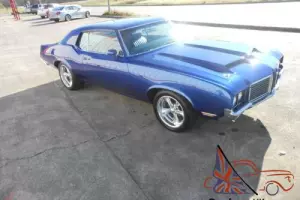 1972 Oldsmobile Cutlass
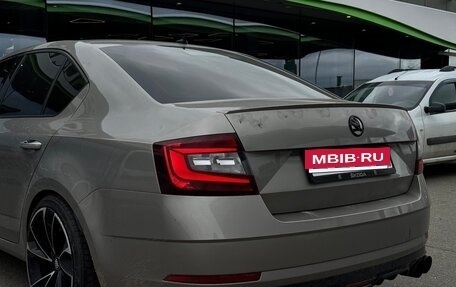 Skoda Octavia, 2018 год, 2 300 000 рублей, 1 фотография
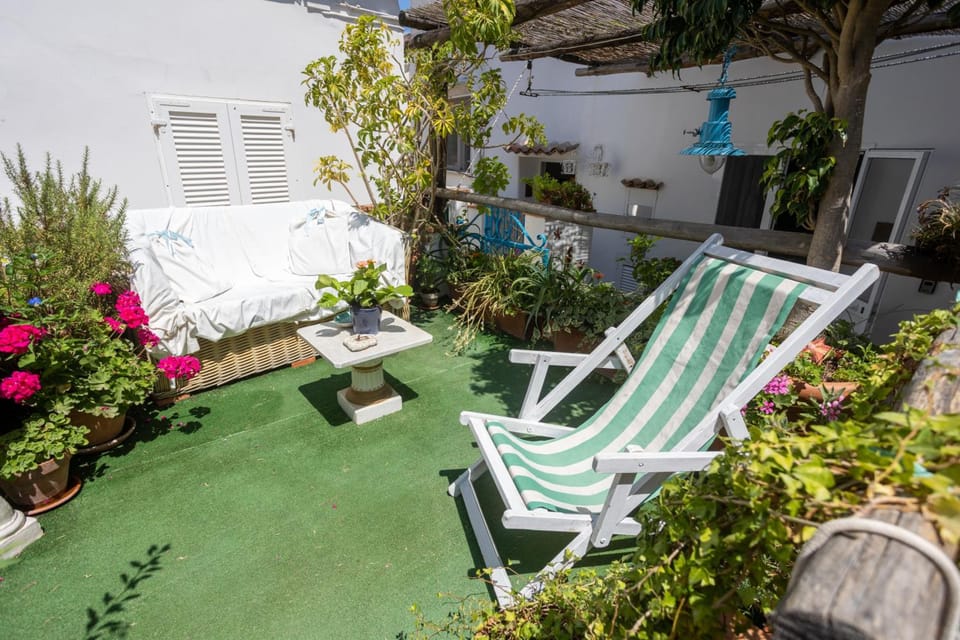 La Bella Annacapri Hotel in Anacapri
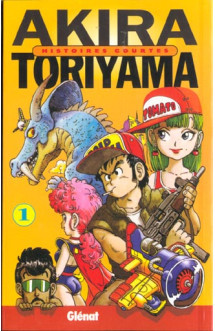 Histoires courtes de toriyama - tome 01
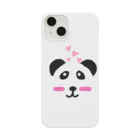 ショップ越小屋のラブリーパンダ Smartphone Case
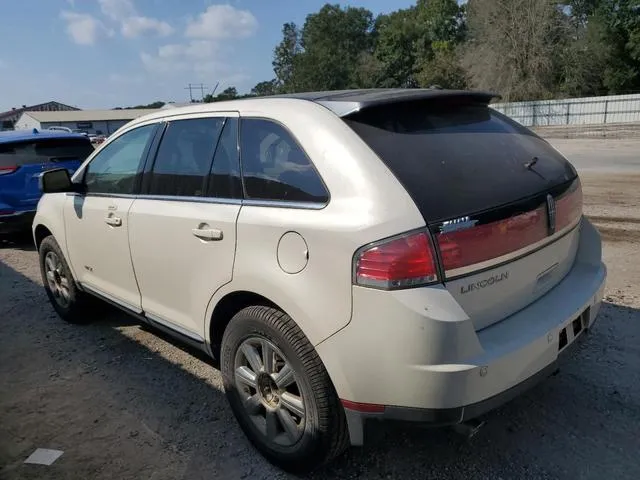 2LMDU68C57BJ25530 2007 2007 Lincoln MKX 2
-------------------------
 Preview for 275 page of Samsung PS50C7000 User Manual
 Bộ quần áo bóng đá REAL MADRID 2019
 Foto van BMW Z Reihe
-------------------------
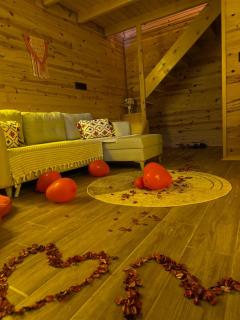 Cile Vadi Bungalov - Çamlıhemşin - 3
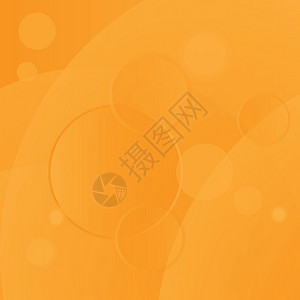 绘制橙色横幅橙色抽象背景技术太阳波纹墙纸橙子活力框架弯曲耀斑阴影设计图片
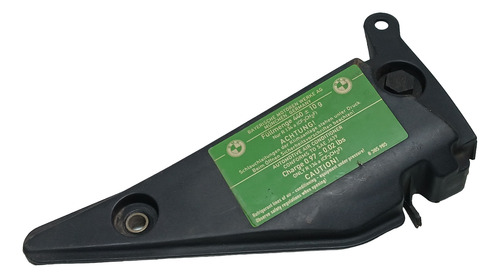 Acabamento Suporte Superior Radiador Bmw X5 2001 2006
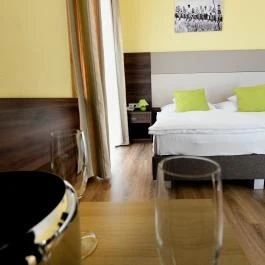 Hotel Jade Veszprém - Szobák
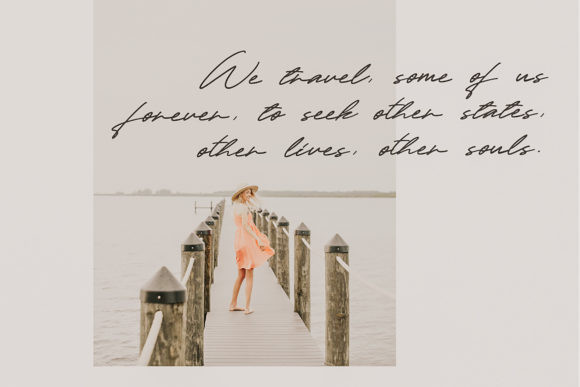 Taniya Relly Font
-------------------------
▶ Exercise prompt
From the line with "La Bella Annacapri Hotel in Anacapri" up to and including the line with "2LMDU68C57BJ25530 2007 2007 Lincoln MKX 2" above, retype every line exactly and nothing more; leave out the pictures.

▶ Task response
 La Bella Annacapri Hotel in Anacapri
 Histoires courtes de toriyama - tome 01
 ショップ越小屋のラブリーパンダ Smartphone Case
 2LMDU68C57BJ25530 2007 2007 Lincoln MKX 2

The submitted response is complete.